Vintage Silver Knives
As most vintage silver knives are compound pieces, meaning the handle is made of sterling and the blade is made of something else, they are the most likely pieces of silver to need repair. That glue join is prone to come apart, especially after generations of use.
Vintage silver knives generally come with blades made of one of three materials.
Carbon steel – carbon steel blades are excellent for carving sets and cutting knives as they will sharpen to an absolutely wicked edge. No other material comes close to the edge a carbon blade will take, but unfortunately carbon blades are prone to rust without proper care. They must washed immediately after use, as damp food particles will cause rust. They should be thoroughly dried and stored in a dry environment. The occasional application of a food safe mineral oil is also not a bad idea. I have several carbon blade knives and think the additional care they need is worth it. Carbon steel, like silver, is also a ‘living finish’ it changes as it ages getting darker and developing its own patina.

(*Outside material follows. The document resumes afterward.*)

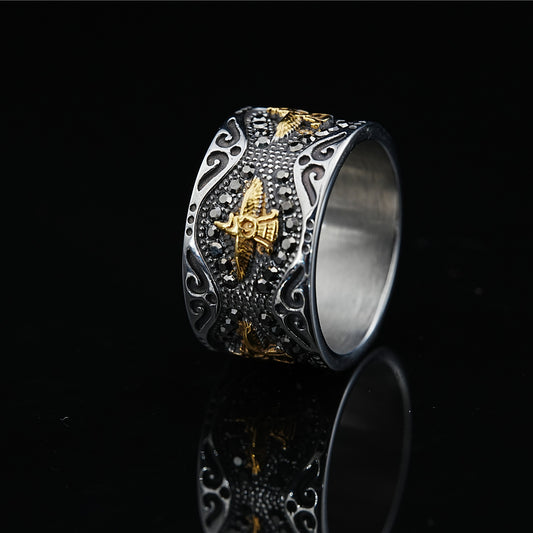 Unisex Retro Eagle Wings Ring Geometric Titanium Alloy Ring For Men Women Vintage Biker Jewelry Gift Vintage Look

Silverplate – silverplate blades offer the most uniform look with a sterling handle knife. The drawback to silverplate blades is that as we have discussed before, silverplate is comparatively delicate. The silver coating is only 1 micron or so thick. The silver coating will wear off the base metal, especially when the knives are used frequently. This leaves silverplate blades prone to developing spots where rust forms on the base metal. However, unlike carbon blades which you can scrub rust off and safely rejuvenate the blade, if you scrub a silverplate blade you will take off the plating.

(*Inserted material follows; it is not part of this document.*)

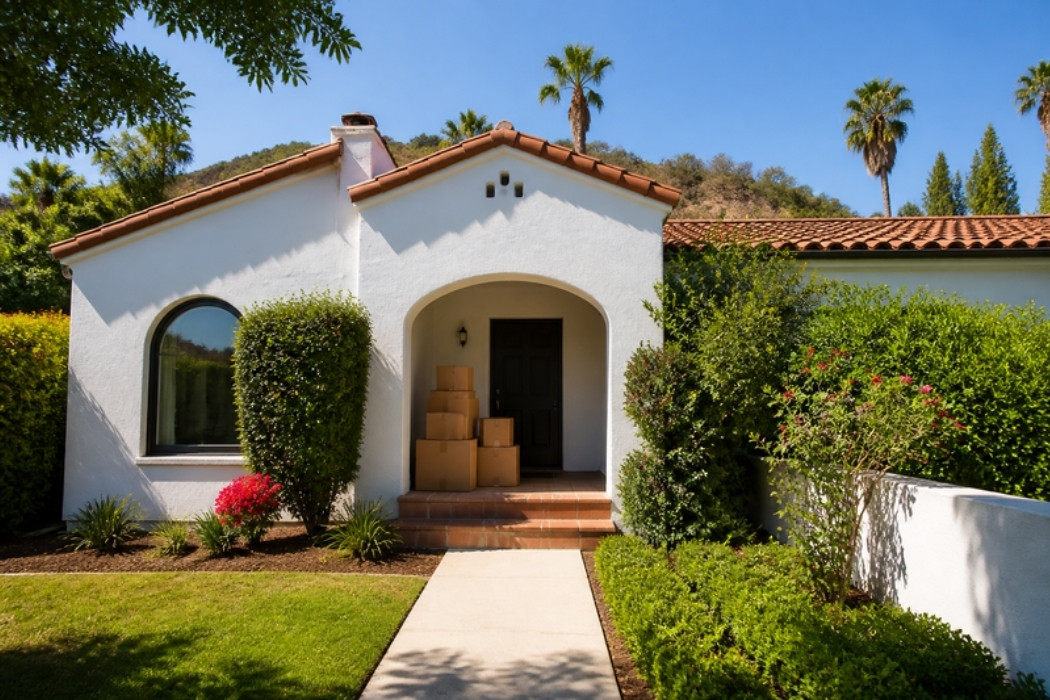 White Spanish style Southern California home with moving boxes stacked on the front porch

Furthermore, sometimes we don’t know what the composition of the base metal is. It may well contain lead. I often wonder about this issue, especially when looking at new pieces of ‘vintage silver’ that are trendy at the moment (it also drives me round the twist that they are advertised as ‘vintage silver’. The gall of selling a piece of newly manufactured silverplate under the title ‘vintage silver’ simply astounds me!)
Stainless steel - finally we come to stainless steel. We are all familiar with the benefits of stainless. It’s durable, corrosion resistant and easy to care for. Do you know the modern alloy we now know as stainless steel was developed just before World War I? In 1912, researchers at the Brown-Firth laboratory in the UK were looking for a material to improve gun barrels and they developed martensitic stainless steel. This also makes stainless steel a good indicator of age. If it claims to be older than 1912 and has stainless steel as a component, make sure you know what you are buying!! (It’s funny, but my Masters degree in War Studies comes in handy more often than you would imagine!)
Getting replacement blades is not a big deal. Just about every good silversmith is able to do this. Some are even able to offer you a choice of blade materials and shapes. I have a set of knives in need of replacement blades right now. Vintage silver knives are almost always the most difficult place setting pieces to find because the handles and blades separate and people toss them away! Especially if you have a rare pattern, replace your blades…you don’t want to wait 40 years to find a new set. A client of mine looked for a set of knives for her pattern for 40 years! I had the good fortune to come across a set for her, so she could finally complete her flatware.
Perhaps this post will remind me to actually get mine done!